• [What is expected] An exact copy is required of the lines running from the one that contains "And that is" to the end of the material, both ends included, with pictures omitted.

################

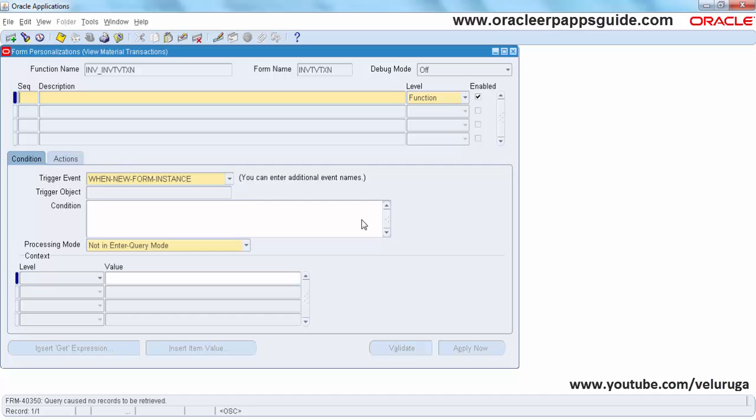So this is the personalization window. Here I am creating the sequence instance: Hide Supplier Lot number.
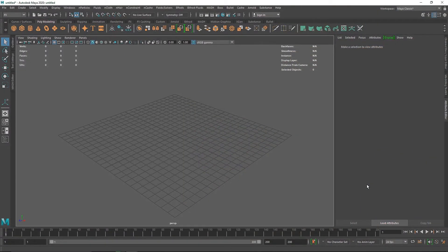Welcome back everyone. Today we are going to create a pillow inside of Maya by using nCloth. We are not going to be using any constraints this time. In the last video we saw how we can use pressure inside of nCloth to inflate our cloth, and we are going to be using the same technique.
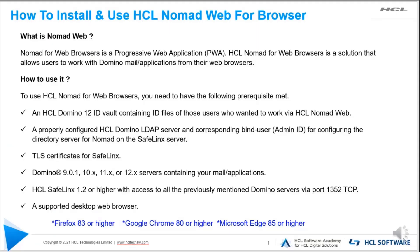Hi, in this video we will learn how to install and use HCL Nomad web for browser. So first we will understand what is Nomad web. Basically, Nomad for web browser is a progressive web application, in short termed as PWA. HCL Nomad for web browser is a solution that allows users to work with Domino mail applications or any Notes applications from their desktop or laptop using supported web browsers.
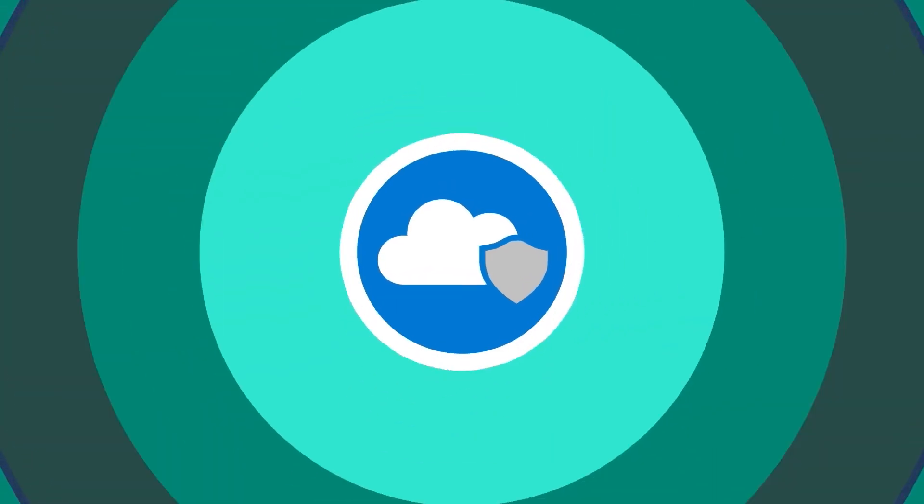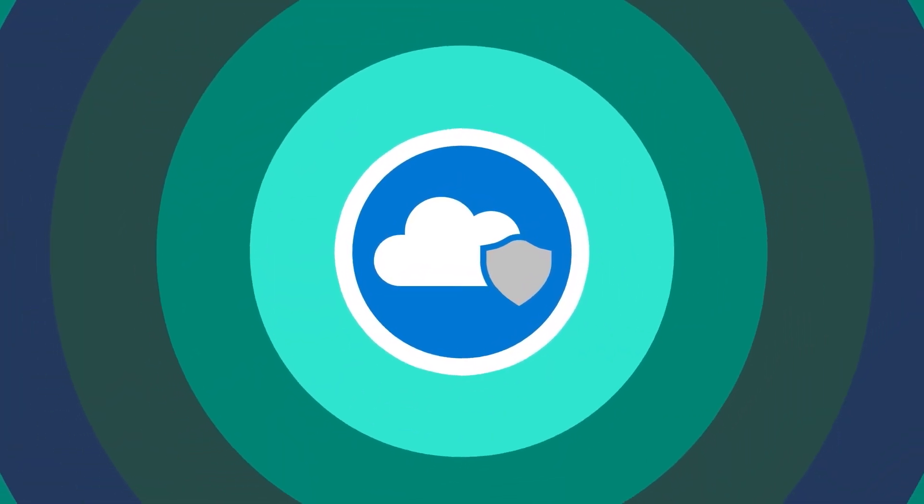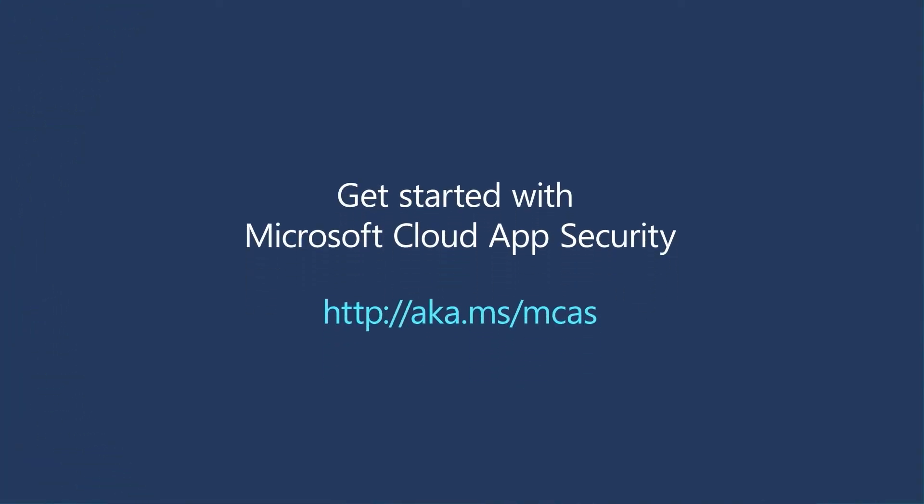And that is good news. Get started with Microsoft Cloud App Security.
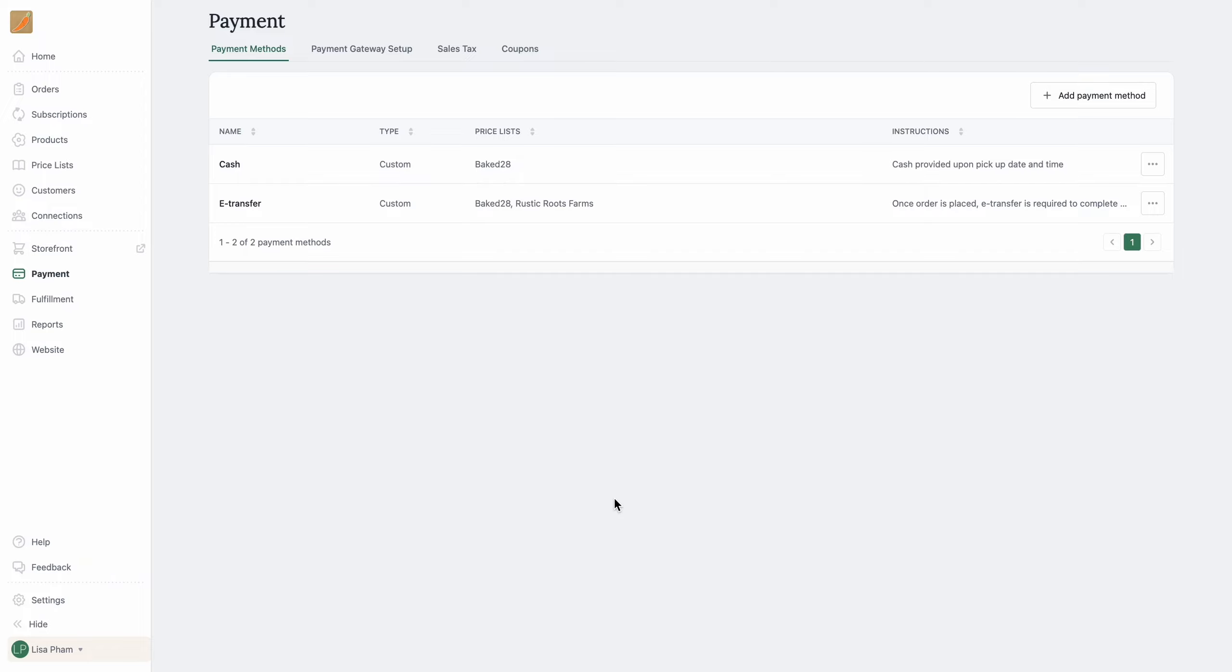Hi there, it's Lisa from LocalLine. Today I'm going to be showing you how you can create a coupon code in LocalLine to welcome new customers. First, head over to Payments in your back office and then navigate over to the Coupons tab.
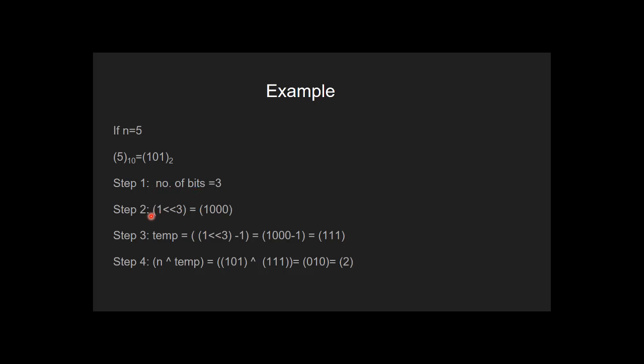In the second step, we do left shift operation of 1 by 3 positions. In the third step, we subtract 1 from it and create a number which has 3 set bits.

################

• [Exercise result]
And that is good news. Get started with Microsoft Cloud App Security.
Hi there, it's Lisa from LocalLine. Today I'm going to be showing you how you can create a coupon code in LocalLine to welcome new customers. First, head over to Payments in your back office and then navigate over to the Coupons tab.
In the second step, we do left shift operation of 1 by 3 positions. In the third step, we subtract 1 from it and create a number which has 3 set bits.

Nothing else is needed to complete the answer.